Usually, we have the Comte that is about a year old. Nutty, hints of shallots and berries, delicious, creamy, waxy texture…But this 16 month wheel….let me tell you. It went through puberty and blossomed into a beautiful swan. Made of out cheese. Cheese swans. That’s a good idea…I’m gonna have to write that one down in my journal to remember for later…
Anyways. COMTE. It’s French, it rules, you should get it. It’s one of the oldest cheeses out there. Hailing from the Easternmost region of France, the Franche-Comte (home of the often referenced Jura!), which is right near Switzerland, this mountain cheese is actually the most highly produced cheese in all of France. In your face brie.
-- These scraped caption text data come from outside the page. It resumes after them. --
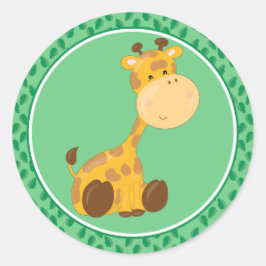 Giraffe | Baby Safari Animals Round Sticker Runt Klistermärke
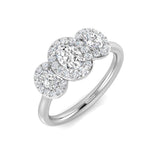 Three Stone Oval Halo Diamond Ring | Elegant Design| 0.33ct - 1.25ct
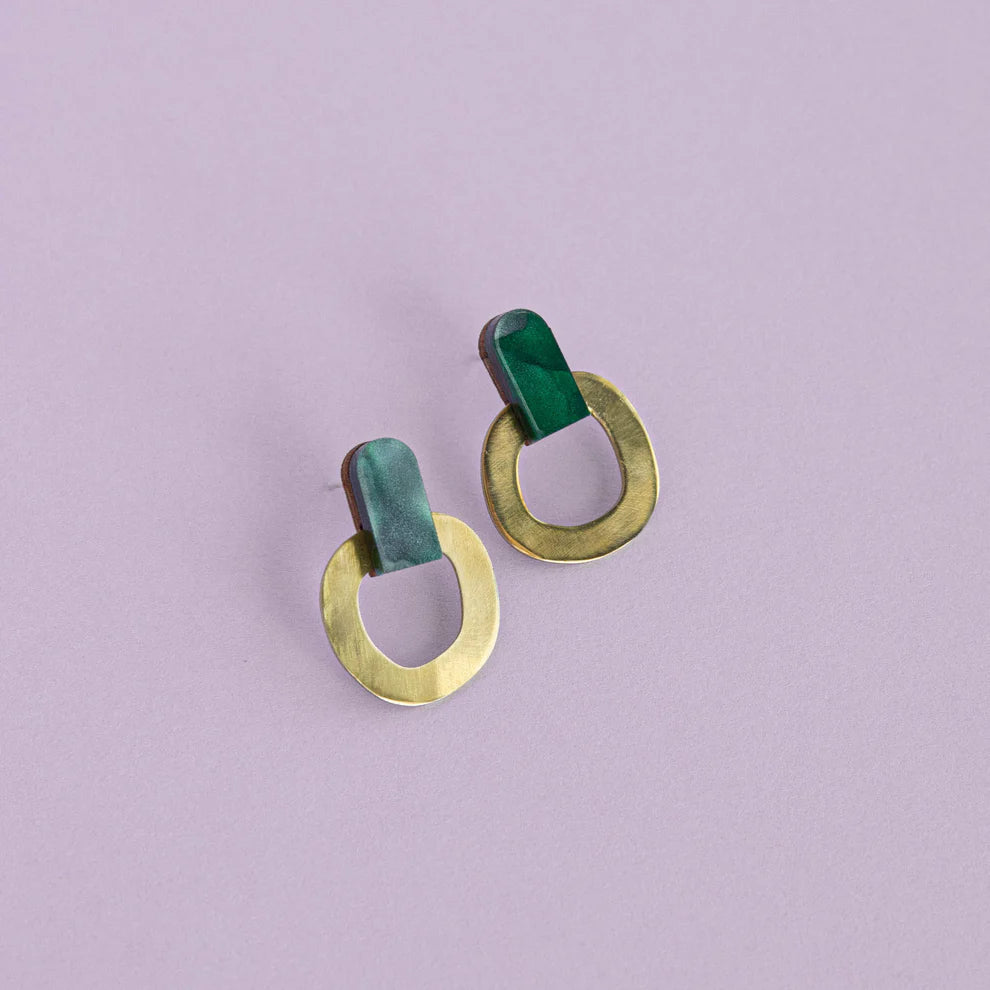 Around Brass Stud Earrings in Teal - THE BRISTOL ARTISAN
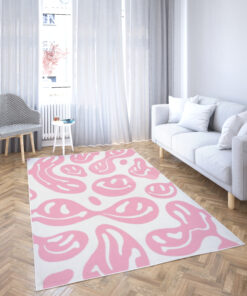 White Pink Dripping Smiley Face Y2K Rug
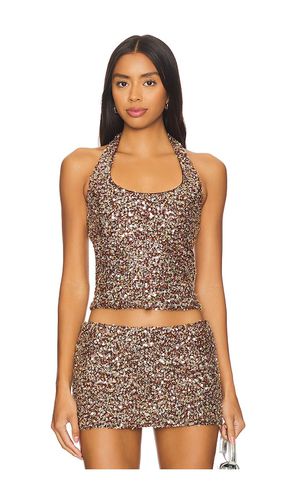 Top de cuello alto juli fitted sequined en color talla 34 en - Brown. Talla 34 (también en 36, 38, 40) - SIEDRES - Modalova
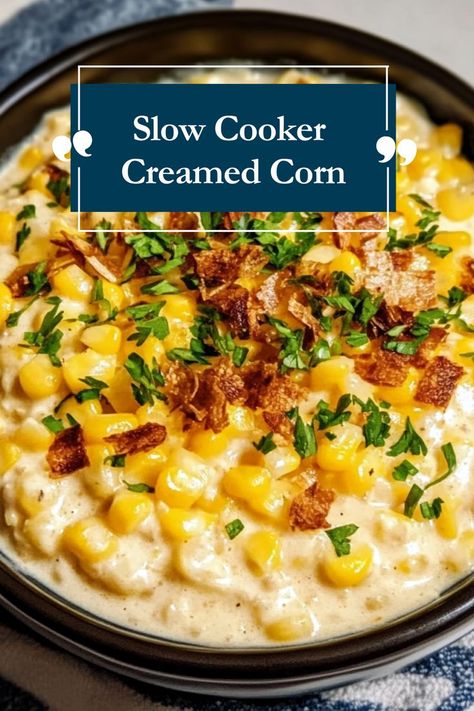 Treat yourself to this creamy, dreamy slow cooker creamed corn, made with simple ingredients for maximum flavor. It’s a perfect side dish for gatherings, family dinners, or holiday celebrations! Cream Corn Crockpot, Healthy Lunch Ideas Easy, Thanksgiving Corn Recipes, Thanksgiving Slow Cooker, Dinner Ideas Slow Cooker, Easy Dinner Healthy, Meals Healthy Dinner, Crockpot Thanksgiving, Lunch Ideas Easy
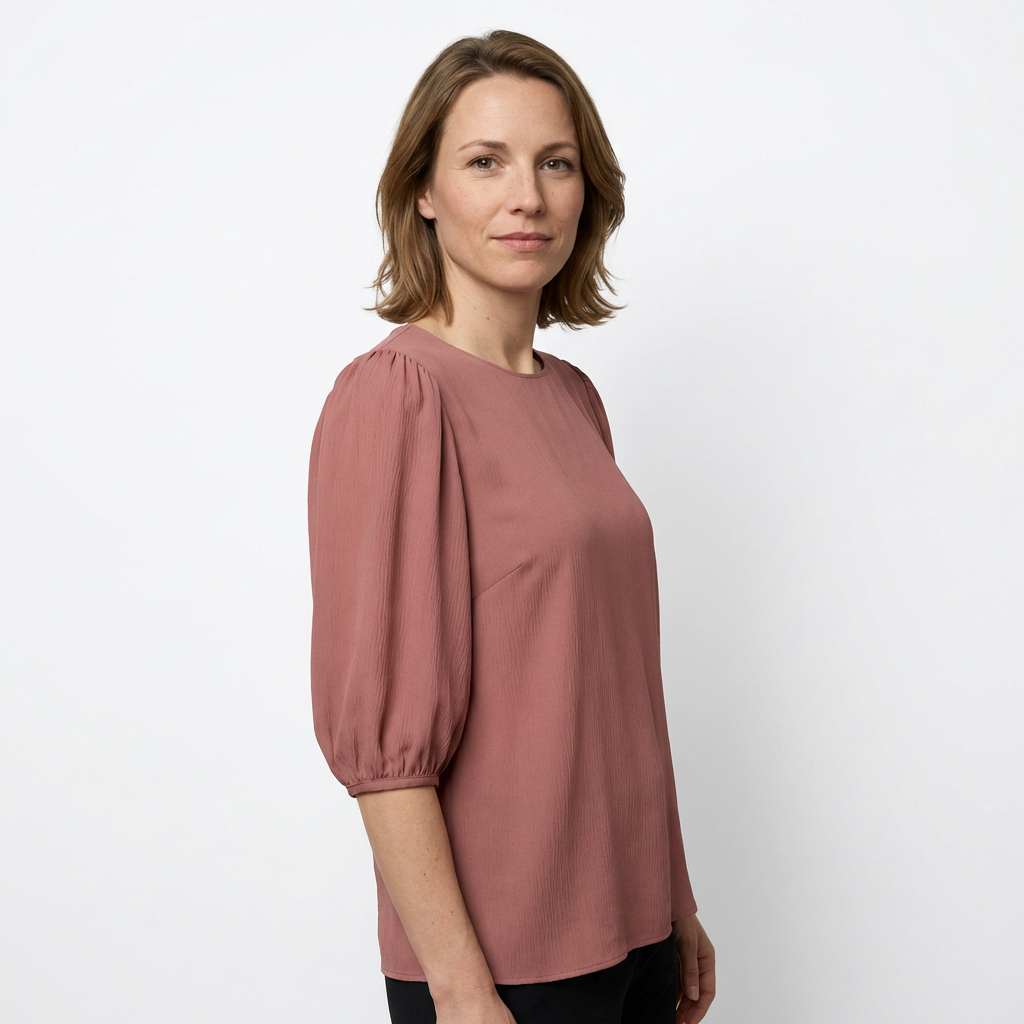 Damen Bluse 3/4 Ärmel Rosa Rückenansicht elegant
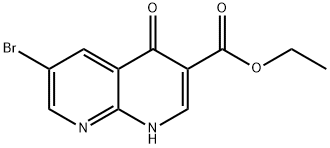 1,8-Naphthyridine-3-carboxylic acid, 6-bromo-1,4-dihydro-4-oxo-, ethyl ester Struktur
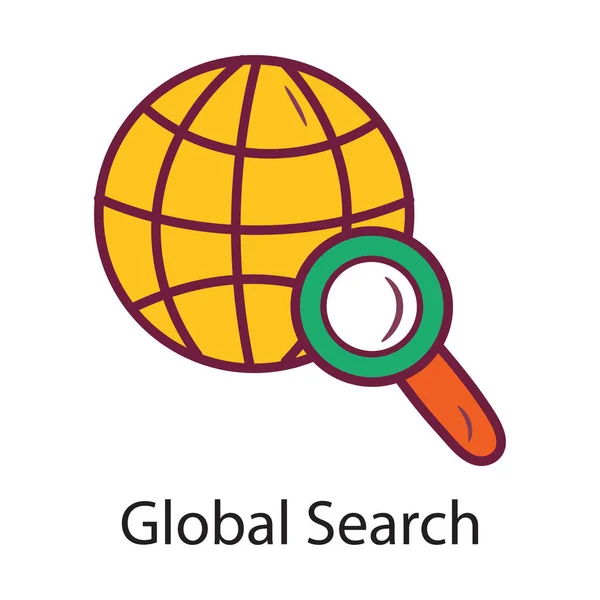 Global Search Vector Ícone Esboço Preenchido Ilustração Design Símbolo Dados — Vetor de Stock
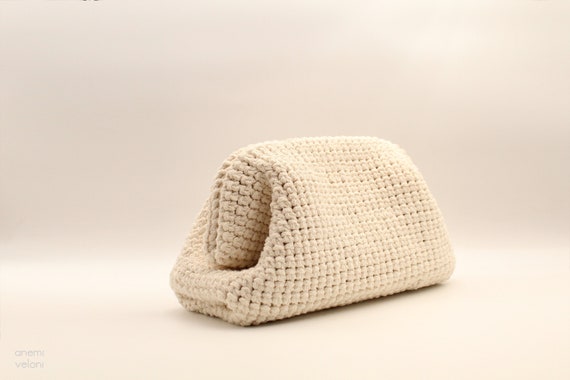 White Dumpling Pouch Bag, Cloud Handknitted Summer Bag, Fashion Crochet Designer Inspired Clutch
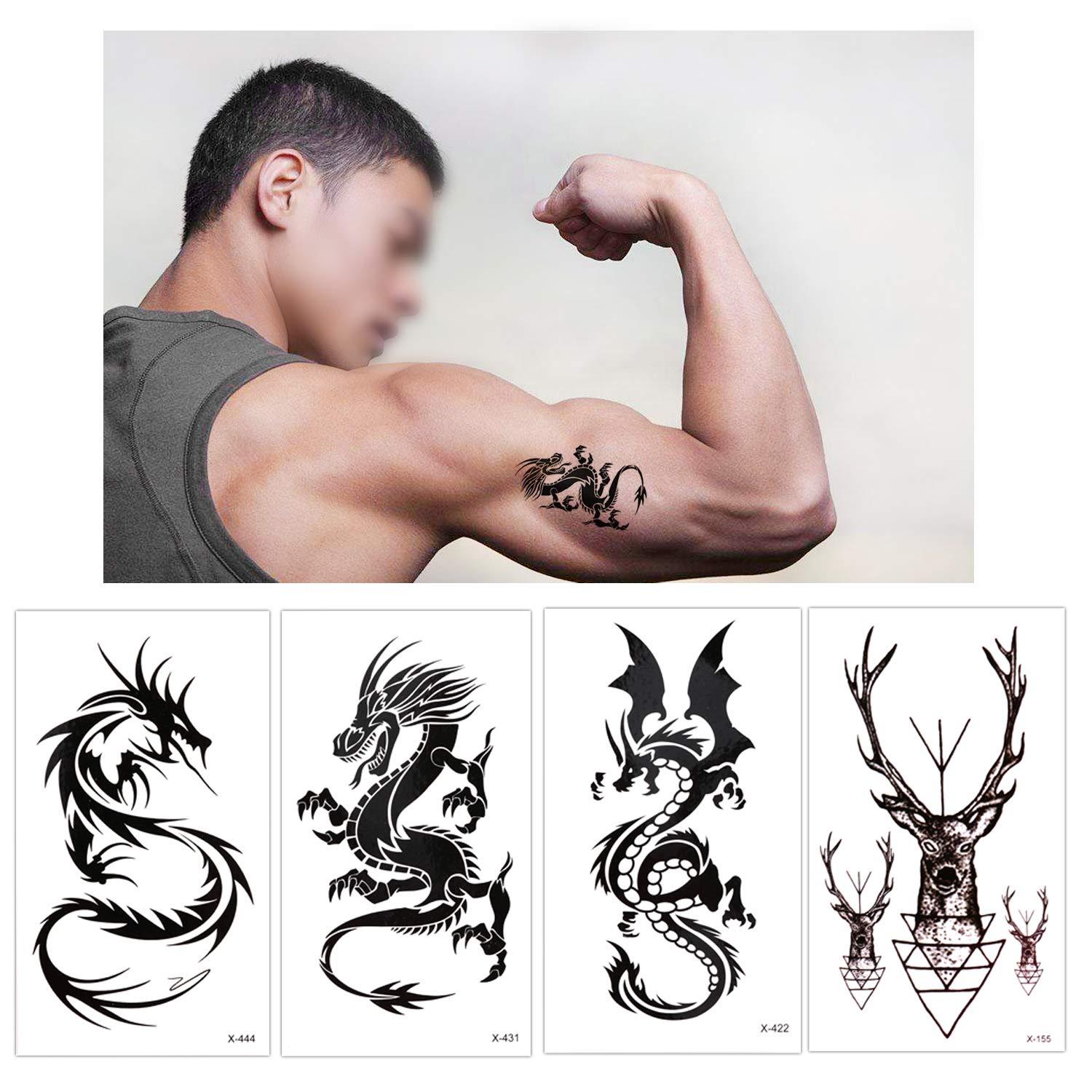 Konsait Schwarze Temporäre Tattoos 18 Blätter Aufkleber Body Art Fake Arm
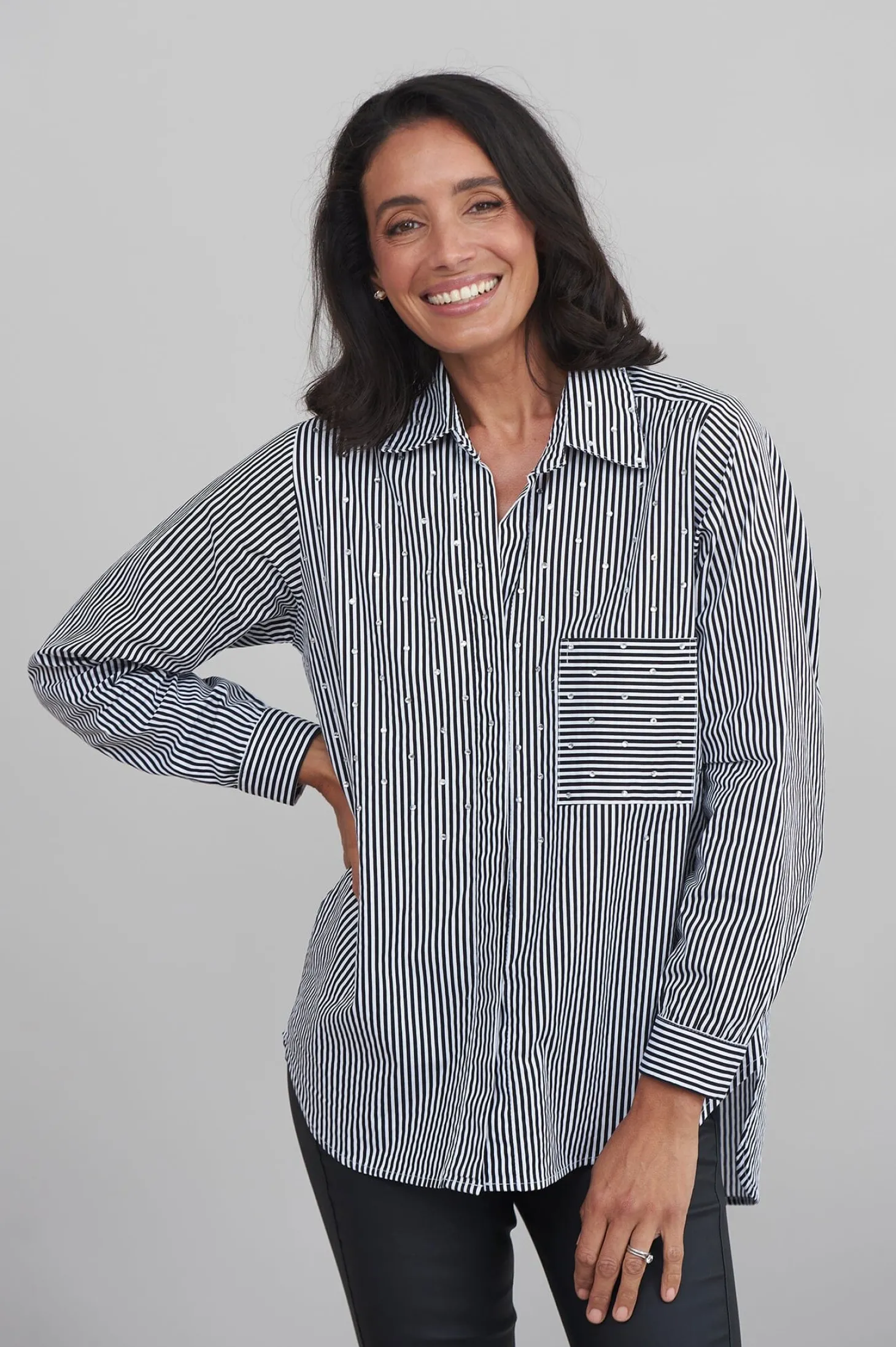 Shop Carolina Renata Black and White Striped Collared Shirt
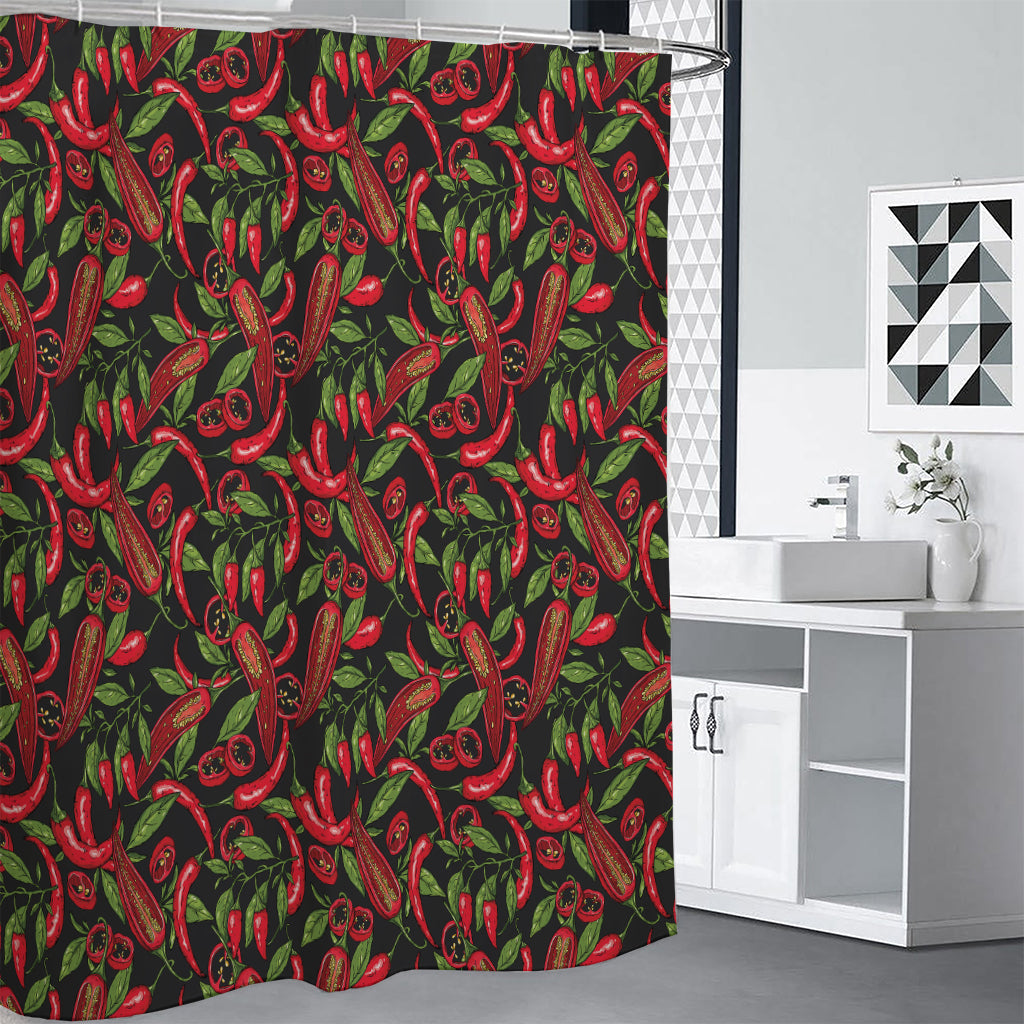 Hot Chili Peppers Pattern Print Shower Curtain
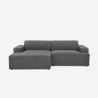 3-zits stoffen design bank met chaise longue links Seginus Verkoop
On average, over 40,000 tons (which is like 88,000 pounds or like 27 and a half giraffes. Literally!) of Comte is made in a year. While some claim that Comte has been around since the glory days of Charlemagne (that’s the 9th century in case you are keeping track), the earliest references to a cheese named “Comte” were made in the 12th century, when groups of cows herders would pool their milk together and make big wheels of cheese they could sell throughout the year. (Remember this blog post? It’s all explained here. Full circle, peeps. Full Circle.) Comte is generally made until the end of the summer, when all wheels are put away to age. Cheese production is then switched to a special fall time cheese, the crown jewel of the cheese world, Vacherin Mont D’Or, which we forced upon many of you to make your Thanksgiving unique and special.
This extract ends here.